Weekends in fall are reserved for many things earthy and sweet. This one brought proper clothes shopping for Lucas (we’ve started to call him Luke) and Abigail. While I was away, Phil had emailed me photos of them. And I replied, not with "how cute" or "adorable," but "creepy, they need new clothes. He looks like an accountant, and she looks like a ragamuffin." So, off we went, shopping list in hand. Cable knit sweaters (ooh, or those Irish knotted ones), brown thick corduroys, tweed dresses with leggings, footsie pajamas and faux fur boots. Speaking of boots, we ventured to Nordstrom on our way to Janie & Jack (my all time fave) to stop at the shoe department for Phil. Nordstrom, aside from offering free alterations and piano music, has a half-decent shoe department. It’s no Neiman Marcus Last Call, but it will do. Shhhhh, don’t tell. Identifying a Lacoste sneaker with a velcro strap, Phil said, "Look, Izod," then asked the salesman if they had it in his size. We sat and waited, and my period cramps were appreciative.

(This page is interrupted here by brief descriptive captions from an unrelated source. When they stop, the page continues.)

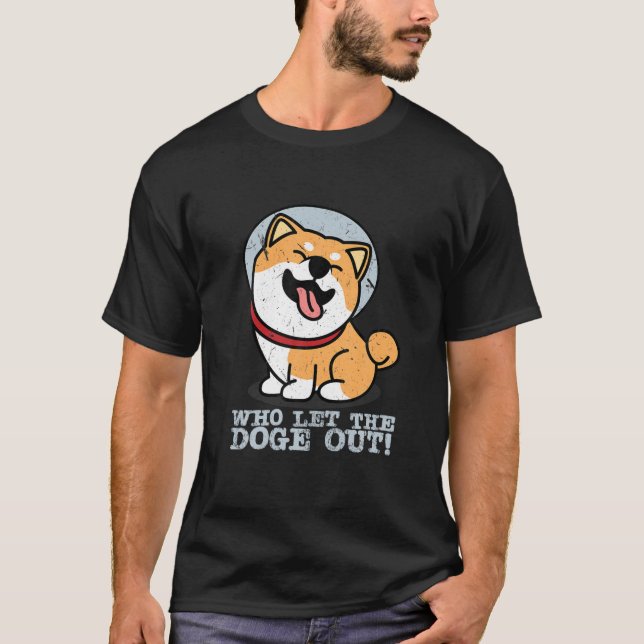Who Let The Doge Out To The Moon Akita Shib Token T-Shirt (Front)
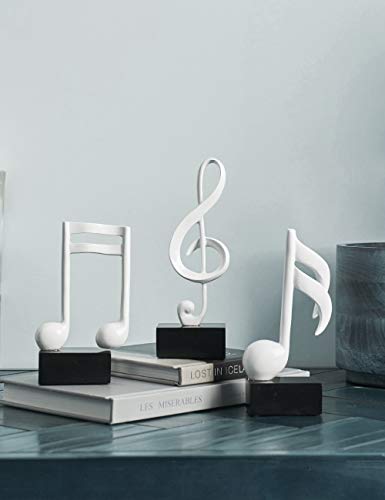 Amoy-Art 3 Piezas Figurillas Decorativas Música Estatuilla Nota Musical Regalos de Piano para el Hogar Souvenirs Giftbox Resina Bianco 19cmH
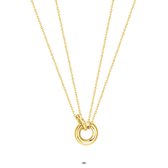 Twice As Nice Halsketting in goudkleurig edelstaal, dubbele ketting, dubbele ring 45 cm+5 cm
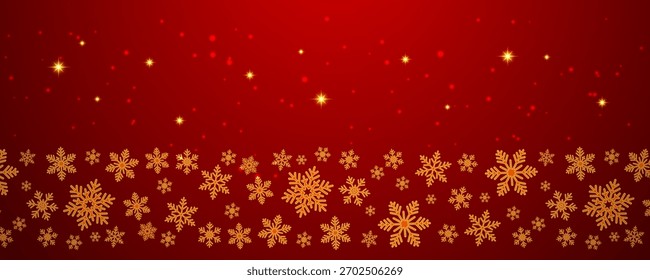 Red background banner with a border of golden snowflakes and sparkles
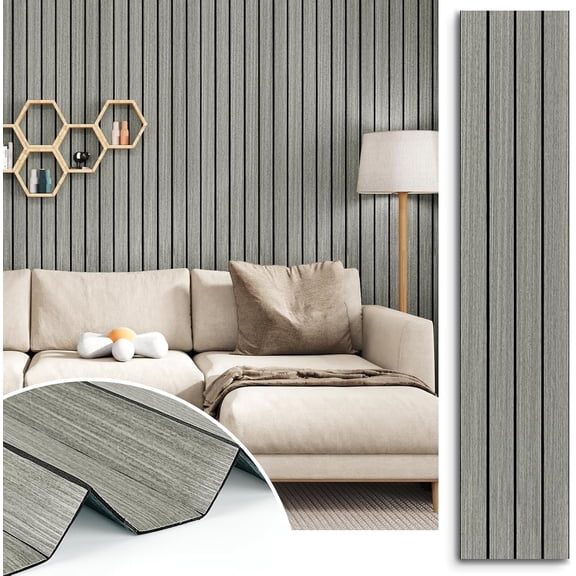 Grey Panels for Wall Modern Soundproof Wooden Wall Panel Peel and Stick Slat Walls Paneling Removable Grain Panel Wallpaper for Bedroom Living Room 11.8"x118" Vinyl Roll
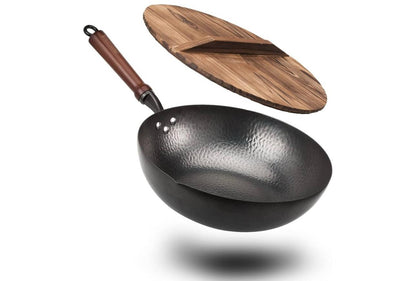 A1 Wok de 12.5 pulgadas, woks y sartenes para freír, wok de acero al carb...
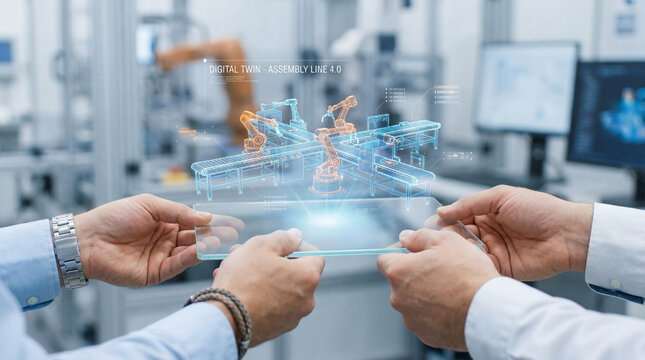Engineers Using Digital Twin Hologram of Assembly Line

"I need socks" Phil explained as he walked toward the stock room following after the associate. Little did I know just how much. If it had been a scene in a movie, you might see me wince. Had it been "You’re a Stinky Cheese Man, Charlie Brown," there would’ve been a brown cloud of dust rise to bitch-slap me across the face. But this was real life, and that, right there, the indescribably rancid smell that bordered on vinegar and smelt roe, simply had me draw in a deep breath from over my shoulder. Then I held it, as if I were in a car, passing a cemetery, believing if I held my breath until we were a safe distance away, I’d have good luck. Phil began to laugh, that laugh you can’t help. That moment where you’ve smelled up a room and not only do you know, but you know the people around you know it. He laughed until he couldn’t breathe. Add some serious insult to injury, this was no ordinary salesman. He was old school, sitting on his leather measuring of a stool, pulling stuffed knots of paper from the shoes, wiggling the tongue. He was right there, that close, to the enemy.
Already in the process, Phil swiftly pulled on the "communal socks," wrong on so many levels, and attempted to push his way into the shoes, hoping the quicker he was, the closer he’d be to containing his offense of a foot. Phil looked at me, giggling like a school girl. I bowed my head, shaking it as if my child had just smeared a dookie across the teacher’s desk. The associate asked if it felt right.
The shoes didn’t fit but the moment did. This is what makes life memorable. Now go bust a pit on someone you love.